**Problem details**. Locate, in the data below, the line that contains "Lung Volumes Mechanical" and the line that contains "C21 LOFT'tan Tarımın"; reproduce exactly those two lines and every line between them, nothing more.

**Excerpted data**.
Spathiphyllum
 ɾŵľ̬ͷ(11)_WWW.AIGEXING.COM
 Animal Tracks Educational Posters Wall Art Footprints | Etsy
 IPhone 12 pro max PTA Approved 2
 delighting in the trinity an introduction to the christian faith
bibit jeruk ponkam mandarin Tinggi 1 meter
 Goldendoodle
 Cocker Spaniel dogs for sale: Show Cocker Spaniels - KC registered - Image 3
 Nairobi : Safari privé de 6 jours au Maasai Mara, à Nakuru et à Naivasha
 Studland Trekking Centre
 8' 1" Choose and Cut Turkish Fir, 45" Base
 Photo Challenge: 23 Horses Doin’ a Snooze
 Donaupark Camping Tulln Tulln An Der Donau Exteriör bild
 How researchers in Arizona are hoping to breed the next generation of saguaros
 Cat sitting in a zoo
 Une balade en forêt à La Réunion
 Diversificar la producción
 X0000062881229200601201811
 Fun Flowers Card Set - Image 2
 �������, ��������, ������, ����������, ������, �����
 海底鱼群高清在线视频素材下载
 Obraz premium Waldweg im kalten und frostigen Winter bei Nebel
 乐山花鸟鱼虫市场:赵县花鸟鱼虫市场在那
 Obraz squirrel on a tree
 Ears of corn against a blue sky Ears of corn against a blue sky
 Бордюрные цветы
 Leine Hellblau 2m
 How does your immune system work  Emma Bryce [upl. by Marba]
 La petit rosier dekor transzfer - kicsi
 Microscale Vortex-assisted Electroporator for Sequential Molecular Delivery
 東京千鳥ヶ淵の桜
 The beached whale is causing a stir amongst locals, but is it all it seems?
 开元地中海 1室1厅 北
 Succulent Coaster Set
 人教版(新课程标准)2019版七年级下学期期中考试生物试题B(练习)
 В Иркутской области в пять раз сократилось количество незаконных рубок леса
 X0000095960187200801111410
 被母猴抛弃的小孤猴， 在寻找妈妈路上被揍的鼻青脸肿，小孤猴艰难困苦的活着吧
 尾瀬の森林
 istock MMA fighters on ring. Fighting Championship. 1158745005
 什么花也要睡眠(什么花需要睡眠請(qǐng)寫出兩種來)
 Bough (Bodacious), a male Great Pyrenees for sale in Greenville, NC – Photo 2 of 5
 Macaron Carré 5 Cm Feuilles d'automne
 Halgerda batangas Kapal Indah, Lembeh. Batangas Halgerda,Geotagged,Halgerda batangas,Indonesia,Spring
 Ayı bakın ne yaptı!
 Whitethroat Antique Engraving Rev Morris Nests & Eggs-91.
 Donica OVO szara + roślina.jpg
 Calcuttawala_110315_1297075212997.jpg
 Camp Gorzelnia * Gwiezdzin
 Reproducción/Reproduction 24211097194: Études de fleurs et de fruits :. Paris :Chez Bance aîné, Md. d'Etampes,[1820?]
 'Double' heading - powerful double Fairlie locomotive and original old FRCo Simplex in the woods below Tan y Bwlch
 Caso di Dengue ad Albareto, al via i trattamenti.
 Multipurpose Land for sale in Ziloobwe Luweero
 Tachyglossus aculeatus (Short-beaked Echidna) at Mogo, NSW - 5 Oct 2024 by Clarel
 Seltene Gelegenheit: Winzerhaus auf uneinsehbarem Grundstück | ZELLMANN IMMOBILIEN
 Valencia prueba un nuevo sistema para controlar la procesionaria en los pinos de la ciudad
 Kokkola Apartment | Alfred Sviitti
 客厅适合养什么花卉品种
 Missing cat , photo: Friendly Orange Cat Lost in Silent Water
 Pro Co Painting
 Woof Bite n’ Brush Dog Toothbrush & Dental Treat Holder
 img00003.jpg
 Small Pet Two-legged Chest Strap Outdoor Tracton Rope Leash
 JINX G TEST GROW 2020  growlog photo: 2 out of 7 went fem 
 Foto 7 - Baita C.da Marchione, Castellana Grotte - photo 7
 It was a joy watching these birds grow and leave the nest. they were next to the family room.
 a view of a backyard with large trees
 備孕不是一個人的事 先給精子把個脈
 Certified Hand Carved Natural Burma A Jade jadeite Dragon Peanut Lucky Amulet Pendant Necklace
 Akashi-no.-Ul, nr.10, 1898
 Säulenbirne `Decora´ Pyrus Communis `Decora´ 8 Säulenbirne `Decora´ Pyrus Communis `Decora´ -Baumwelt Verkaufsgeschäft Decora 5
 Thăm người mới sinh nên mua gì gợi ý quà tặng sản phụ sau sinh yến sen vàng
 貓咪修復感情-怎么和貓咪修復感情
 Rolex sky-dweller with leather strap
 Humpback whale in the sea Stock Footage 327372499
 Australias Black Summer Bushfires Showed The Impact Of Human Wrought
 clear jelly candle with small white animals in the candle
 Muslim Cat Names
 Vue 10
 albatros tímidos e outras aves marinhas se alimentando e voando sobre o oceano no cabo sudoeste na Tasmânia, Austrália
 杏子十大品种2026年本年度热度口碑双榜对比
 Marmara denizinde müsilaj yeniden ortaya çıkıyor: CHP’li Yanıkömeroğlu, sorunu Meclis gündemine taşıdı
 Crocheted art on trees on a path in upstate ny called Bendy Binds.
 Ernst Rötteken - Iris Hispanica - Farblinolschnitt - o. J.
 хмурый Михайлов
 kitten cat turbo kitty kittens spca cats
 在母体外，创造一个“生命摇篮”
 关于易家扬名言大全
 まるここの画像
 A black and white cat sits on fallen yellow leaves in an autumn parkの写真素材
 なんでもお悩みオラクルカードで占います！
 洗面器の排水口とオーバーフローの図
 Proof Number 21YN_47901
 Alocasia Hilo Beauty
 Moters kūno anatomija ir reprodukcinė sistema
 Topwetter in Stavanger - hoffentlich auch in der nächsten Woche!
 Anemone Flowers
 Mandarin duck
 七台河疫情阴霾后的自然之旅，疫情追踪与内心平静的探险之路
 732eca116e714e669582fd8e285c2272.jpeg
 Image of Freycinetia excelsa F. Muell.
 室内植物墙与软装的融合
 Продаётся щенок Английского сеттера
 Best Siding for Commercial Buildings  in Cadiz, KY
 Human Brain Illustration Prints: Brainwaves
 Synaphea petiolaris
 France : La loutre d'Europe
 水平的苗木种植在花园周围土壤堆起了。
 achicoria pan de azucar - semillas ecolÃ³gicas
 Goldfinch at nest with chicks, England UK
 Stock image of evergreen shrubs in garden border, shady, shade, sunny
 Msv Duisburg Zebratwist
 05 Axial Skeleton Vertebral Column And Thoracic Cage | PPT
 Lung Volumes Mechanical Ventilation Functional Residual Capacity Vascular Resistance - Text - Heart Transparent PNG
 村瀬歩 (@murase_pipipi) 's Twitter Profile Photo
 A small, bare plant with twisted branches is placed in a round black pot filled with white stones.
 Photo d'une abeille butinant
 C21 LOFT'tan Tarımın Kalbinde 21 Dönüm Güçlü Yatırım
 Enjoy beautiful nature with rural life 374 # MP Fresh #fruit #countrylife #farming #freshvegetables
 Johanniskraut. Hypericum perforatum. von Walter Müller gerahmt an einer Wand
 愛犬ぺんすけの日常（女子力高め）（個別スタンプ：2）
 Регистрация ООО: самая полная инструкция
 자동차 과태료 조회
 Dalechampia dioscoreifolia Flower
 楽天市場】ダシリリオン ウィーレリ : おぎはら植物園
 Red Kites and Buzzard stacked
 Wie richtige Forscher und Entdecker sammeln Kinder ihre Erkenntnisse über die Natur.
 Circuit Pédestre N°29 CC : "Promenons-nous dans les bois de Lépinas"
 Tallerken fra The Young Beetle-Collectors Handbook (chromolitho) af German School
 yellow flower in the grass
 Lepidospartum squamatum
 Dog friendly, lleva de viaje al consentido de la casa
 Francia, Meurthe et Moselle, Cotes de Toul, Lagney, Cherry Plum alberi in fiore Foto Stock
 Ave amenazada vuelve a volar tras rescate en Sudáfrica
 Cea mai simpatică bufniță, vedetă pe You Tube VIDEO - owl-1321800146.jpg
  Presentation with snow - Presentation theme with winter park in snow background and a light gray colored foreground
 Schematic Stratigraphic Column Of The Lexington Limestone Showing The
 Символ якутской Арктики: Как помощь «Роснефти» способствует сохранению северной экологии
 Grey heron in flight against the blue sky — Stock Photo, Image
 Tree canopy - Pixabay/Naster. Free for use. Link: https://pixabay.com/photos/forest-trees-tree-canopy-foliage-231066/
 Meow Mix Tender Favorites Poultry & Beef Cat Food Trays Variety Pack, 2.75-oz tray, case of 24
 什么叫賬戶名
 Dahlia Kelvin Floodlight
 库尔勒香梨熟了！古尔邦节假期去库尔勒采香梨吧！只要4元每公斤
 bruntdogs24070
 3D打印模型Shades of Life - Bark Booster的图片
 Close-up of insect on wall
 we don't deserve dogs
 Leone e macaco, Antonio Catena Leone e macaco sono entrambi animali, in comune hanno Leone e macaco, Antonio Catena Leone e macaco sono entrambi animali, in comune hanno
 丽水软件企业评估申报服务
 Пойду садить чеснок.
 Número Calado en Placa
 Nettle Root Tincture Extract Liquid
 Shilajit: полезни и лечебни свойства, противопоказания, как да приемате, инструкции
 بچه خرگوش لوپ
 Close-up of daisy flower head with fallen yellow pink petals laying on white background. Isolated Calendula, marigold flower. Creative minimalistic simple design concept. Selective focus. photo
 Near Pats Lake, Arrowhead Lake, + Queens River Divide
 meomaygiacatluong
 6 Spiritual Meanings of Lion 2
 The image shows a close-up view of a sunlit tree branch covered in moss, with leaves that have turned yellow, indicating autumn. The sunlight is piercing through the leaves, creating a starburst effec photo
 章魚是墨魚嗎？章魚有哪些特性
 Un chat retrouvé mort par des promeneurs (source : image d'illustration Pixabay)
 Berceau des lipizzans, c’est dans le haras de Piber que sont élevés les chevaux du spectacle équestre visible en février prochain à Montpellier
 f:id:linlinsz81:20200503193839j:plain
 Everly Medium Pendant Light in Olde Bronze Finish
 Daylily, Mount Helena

**Reply to the exercise**.
 Lung Volumes Mechanical Ventilation Functional Residual Capacity Vascular Resistance - Text - Heart Transparent PNG
 村瀬歩 (@murase_pipipi) 's Twitter Profile Photo
 A small, bare plant with twisted branches is placed in a round black pot filled with white stones.
 Photo d'une abeille butinant
 C21 LOFT'tan Tarımın Kalbinde 21 Dönüm Güçlü Yatırım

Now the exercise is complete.